I stared into his eyes.

“I’ve been helping him, the website is up. I put the finishing touches to it last night. He dropped over his laptop. He dropped over pretty much everything connected with this before it happened. He had been feeling watched, had felt his phone was tapped. Strange things were happening around him. He was going to go away the next day. A trip down the coast.”

I nodded.

“You need to be careful.”

Me?”

He nodded this time.

“We all do.”


I stayed with him that night, there was an attraction there between us but we held back. That first night was comfort. I slept the best since before, before this all began. It was the first day of the rest of my life as they say. After that I packed it all up, my life and Zane’s. Packed away in boxes, storage taking up space in our old rooms. Then Jasper and I left. Headed up the coast. Dropped off the radar or at least that was what we hoped. The website hummed away like a hive building up its honey supplies for winter. People were noticing it, talking about it. In a way it was out of all our hands.


We’re having a baby. Jasper and I. We are starting the quest for non-plastic toys. It’s hard but we’ll try. It’s all we can do. And this bit is the hard bit. Because I have to end this and I don’t really want to say what’s next.

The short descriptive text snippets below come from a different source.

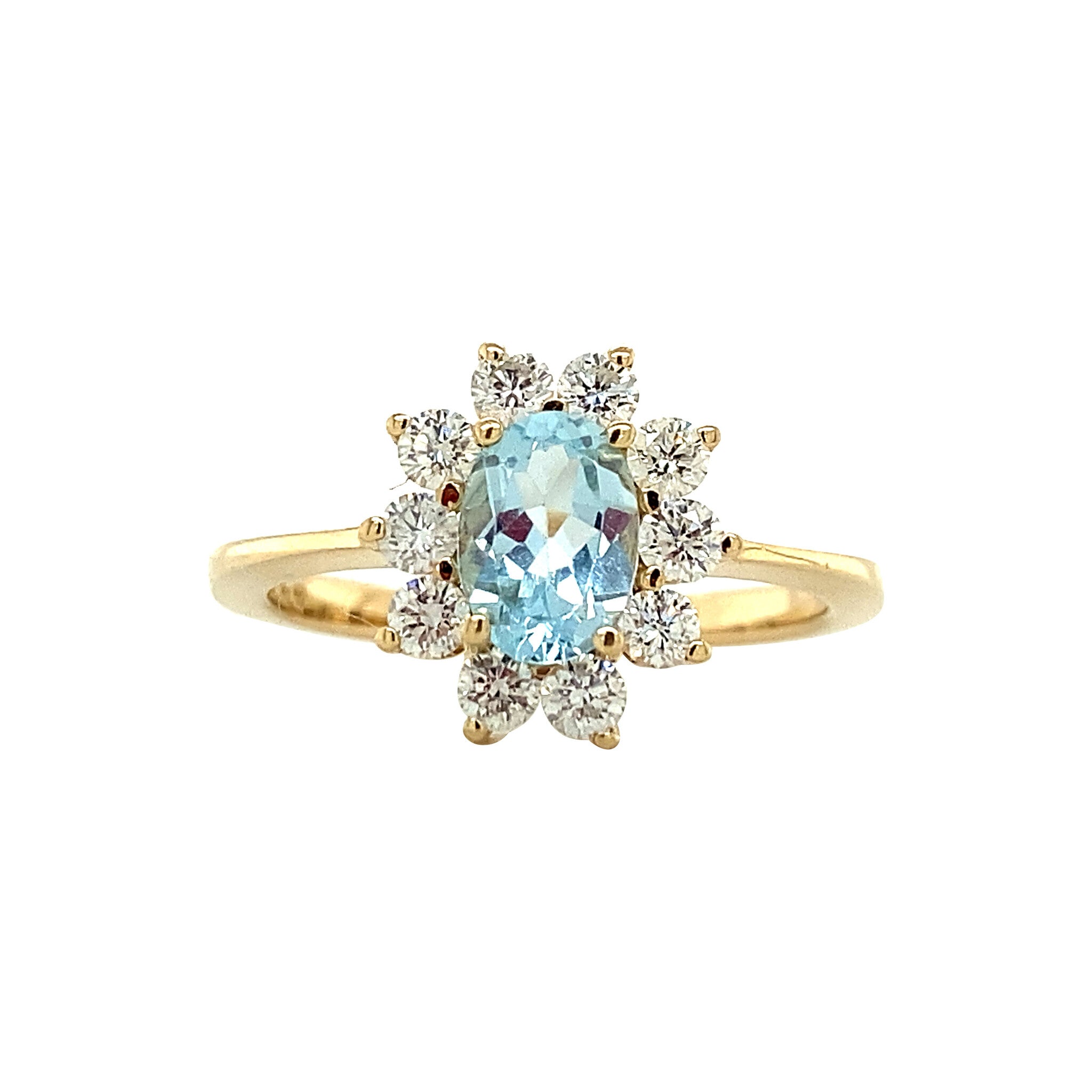 Gold entourage ring with topaz and diamonds 14 krt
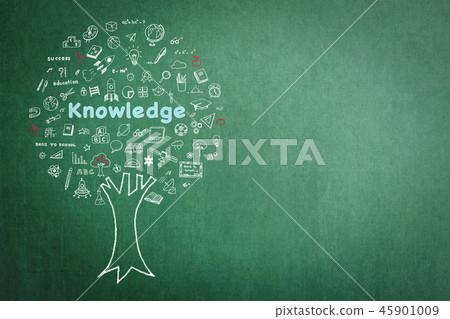 Tree of knowledge education concept on chalkboard 45901009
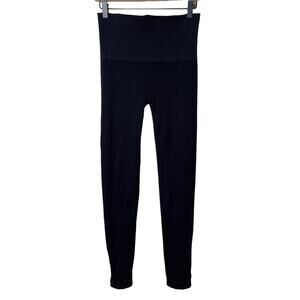 SPANX Women's Black Seamless Side-Zip Shapewear Leggings FL3315 XL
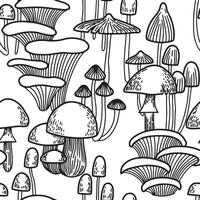 seamless pattern with mushrooms. illustration in sketch style. line print, coloring book vector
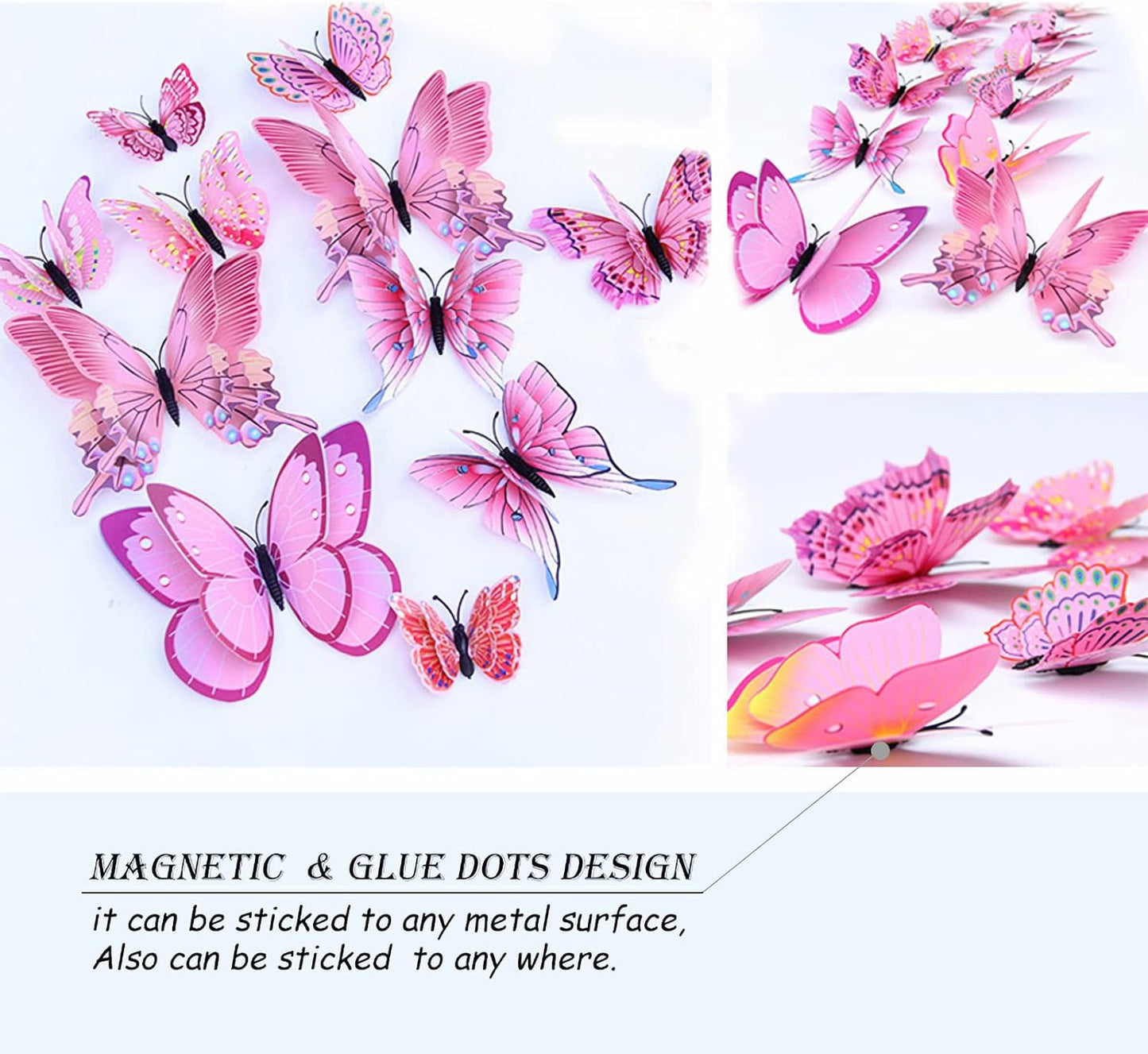 Bulk 24/48 Pcs 3D Butterfly Wall Decor Featuring Magnets, Perfect for Party Decorations Wholesale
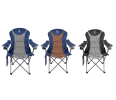 Outdoor Reclining Camping Chair 3 Position Folding Lawn Chair Supports 350 lbs, Black & Grey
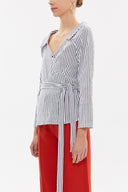 Black Wrap-over  poplin shirt  10674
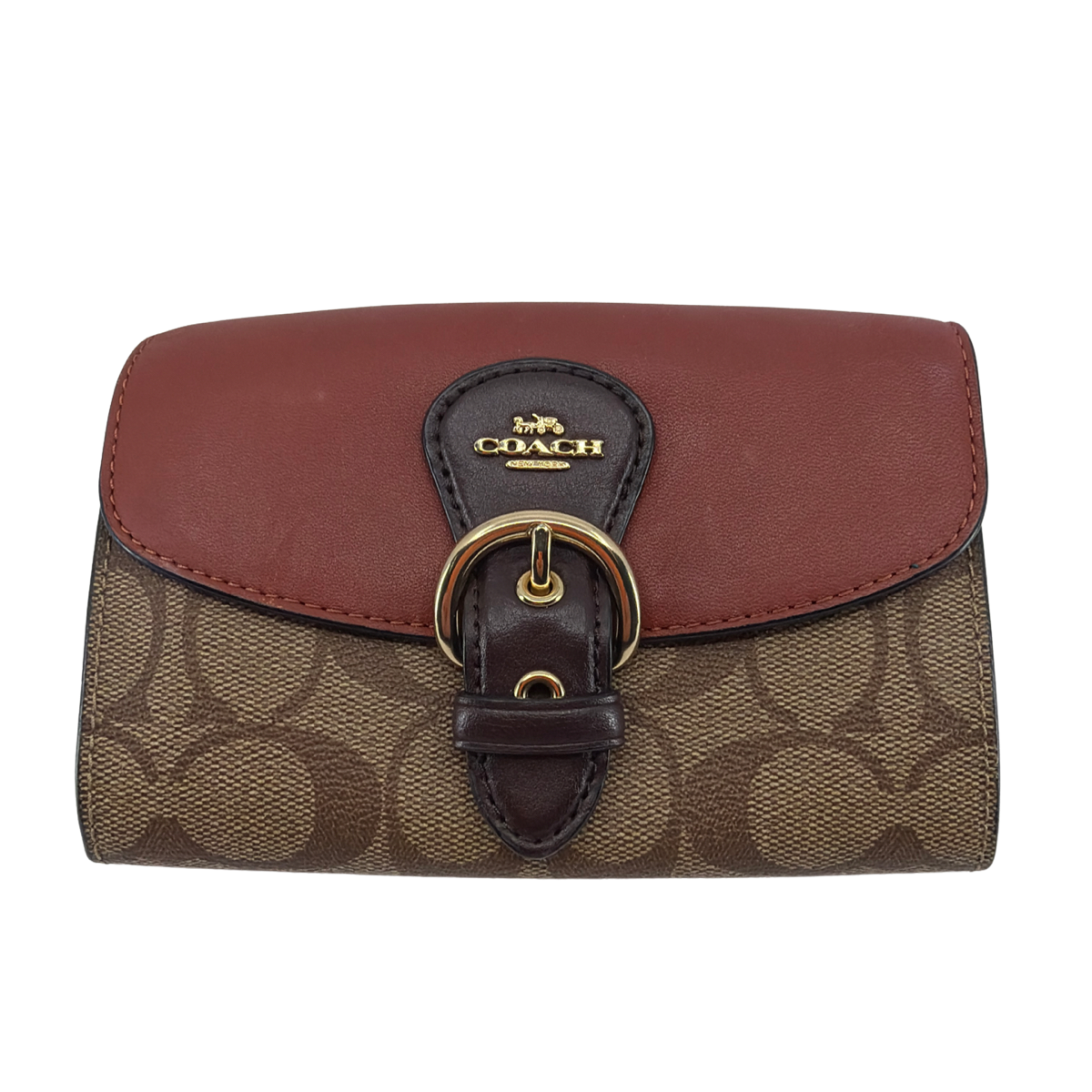 Coach Buckle Small Wallet Brown Signature Canvas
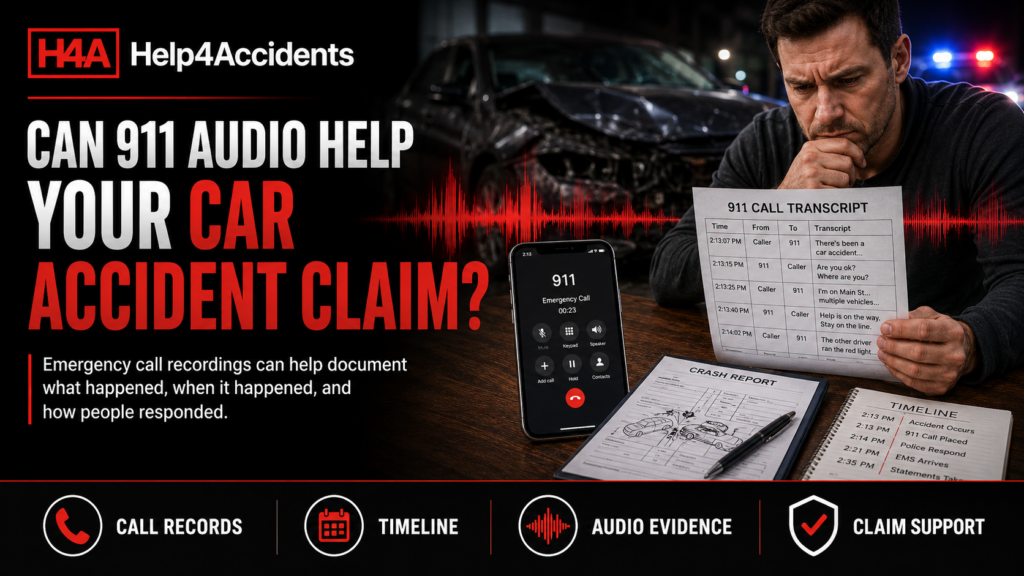Accident investigator reviewing a 911 call recording and emergency dispatch timeline after a car crash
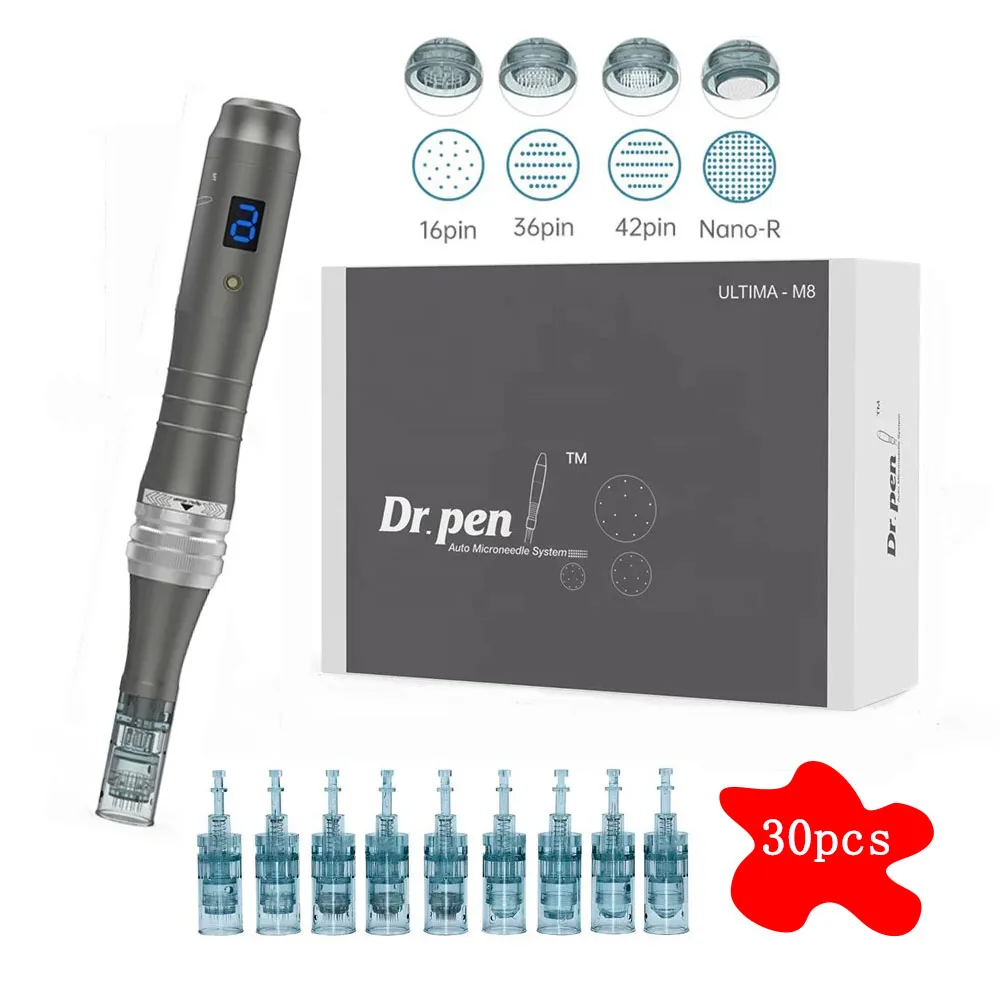 Dr.pen Ultima M8 Professional Microneedling Pen Microneedle Derma Auto Pen mesotherapy Skin Care Tool With 30pcs Cartridges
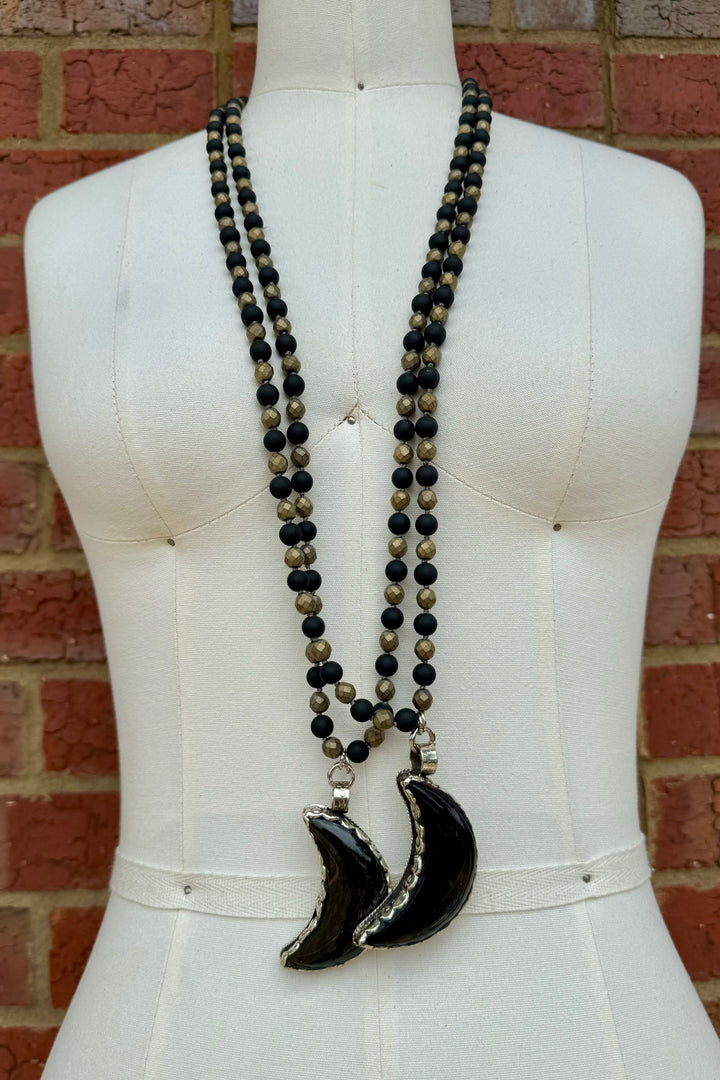 Onyx Statement Moon Necklace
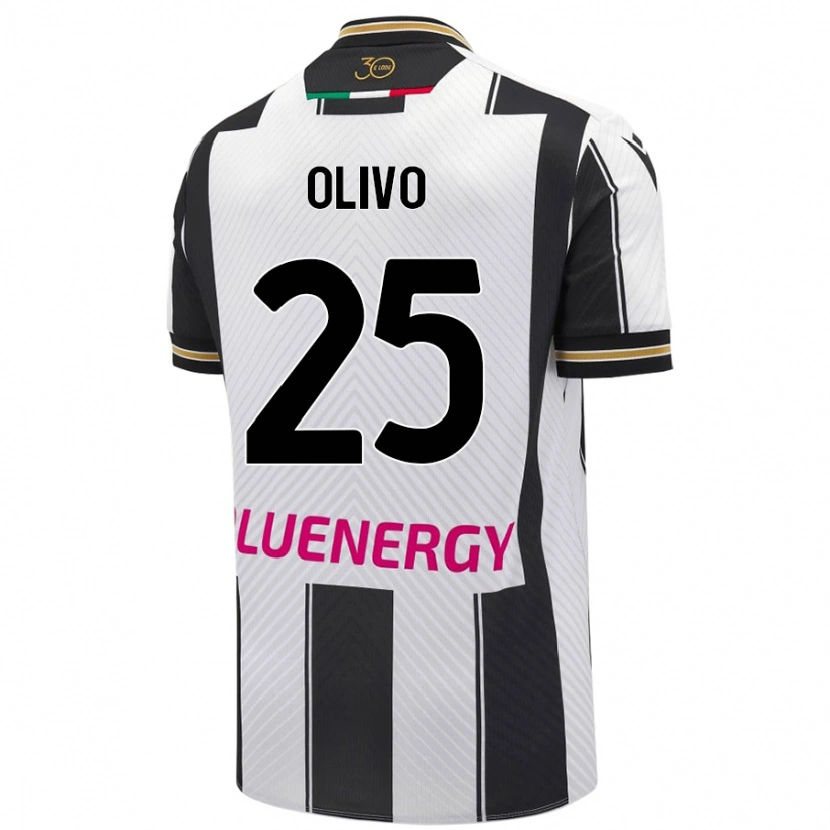 Danxen Hombre Camiseta Gioele Olivo #25 Blanco Negro 1ª Equipación 2024/25 La Camisa México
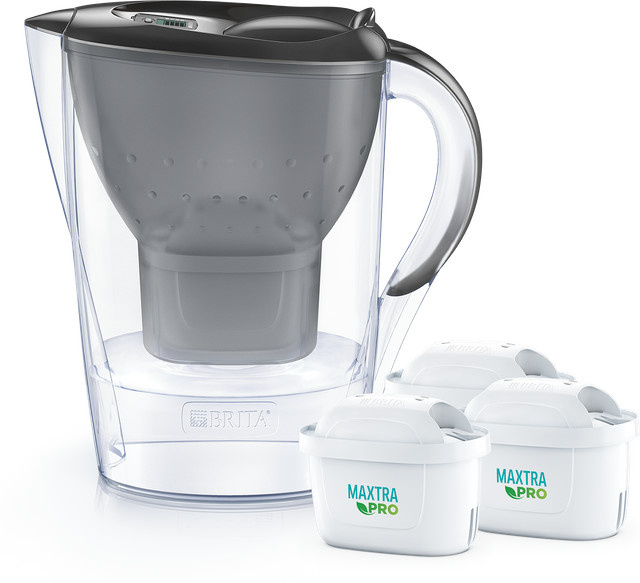 BRITA Wasserfilter-Kanne Marella in Graphit mit 2,4 l Volumen und 3 MAXTRA PRO All-in-1 Kartuschen - Bild 1
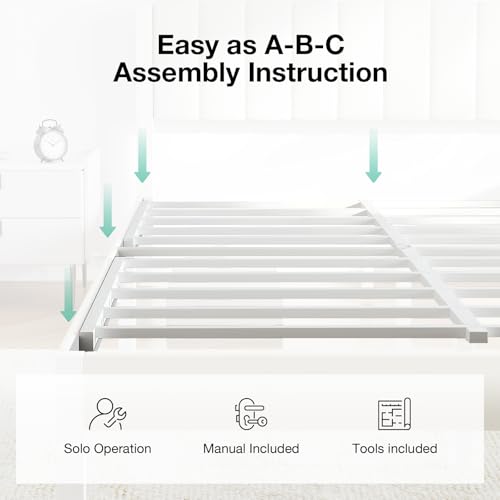 Metal Platform Bed Frame with Velvet White Headboard, view 5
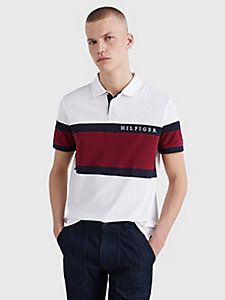white rugby stripe polo for men tommy hilfiger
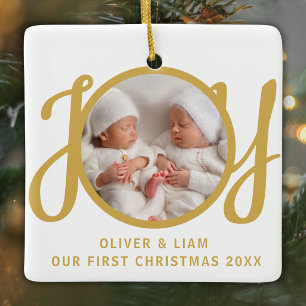 Unser erstes Weihnachts-Zwillinge-Foto-Andenken Keramikornament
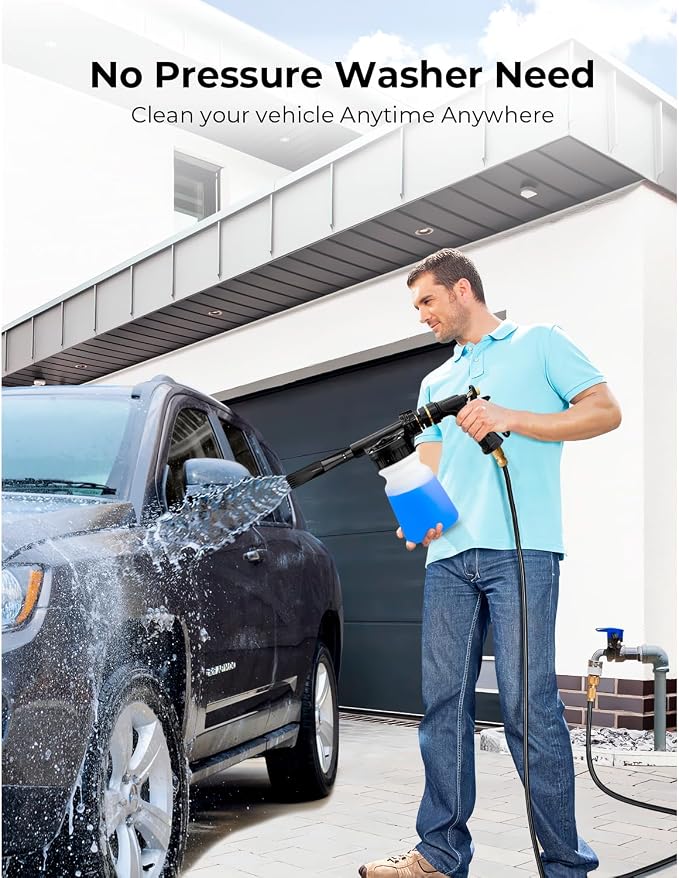 Car Wash Foam Gun + Microfiber Wash Mitt - Image 2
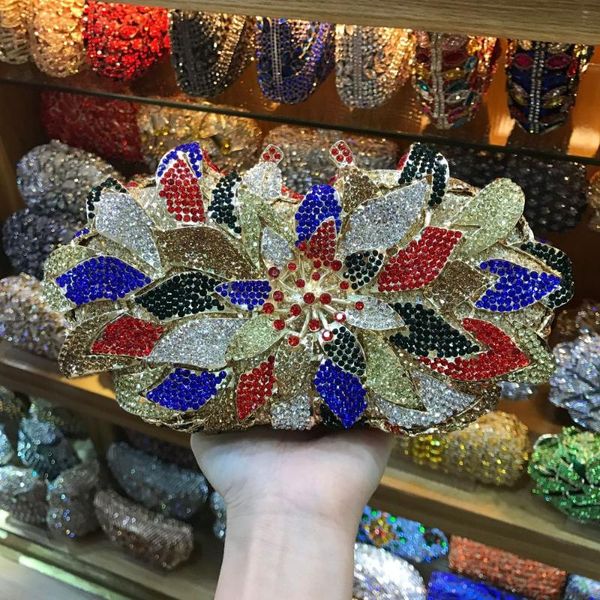 

evening bags fashion party purse handbags colorful crystal clutch women hollow out dinner clutches luxury chain shoulder bag lady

If you’re reading this well its not good news or least for us. My story, this essay is sitting in a special out tray. Every four days we have to sign in and the email will just sit there. If we don’t well out it flies. Off to various places, people. Because it’s all we can do. Pass on the story. Keep it out there. Keep the truth out there. And maybe someone else will take up the torch and run with it.



She looked up and noticed his face looked ghostly lit by all the computer screens and the twilight that was dimming the day outside. He seemed distracted as well. Something on his mind.

“What do you think?” He asked.

“Not sure.”

“Bit overwrought. Melodramatic. It’s obviously fantasy.”

“Is that what you think?”

“It’s a hoax. Positive. We print this and we’ll be laughed off the street. Maybe sued for slander.”

“We could check it out.”

“Waste of time. Just trash it.”

He left.

She was surprised.

He was usually more open.

But she didn’t trash it, she passed it on to someone she knew who looked at these things.


What else could she do? She’d been on a fertility program for months and knew exactly how many of those B dolls she had once had. Nine. She had been obsessed as a child. Part of her makeup, this need to consume and collect, she still did only the toys were bigger and more expensive. But it did make her wonder. All of it. And she needed to know more. A lot more before she just let this fall into that virtual wastebasket sitting at the edge of her screen.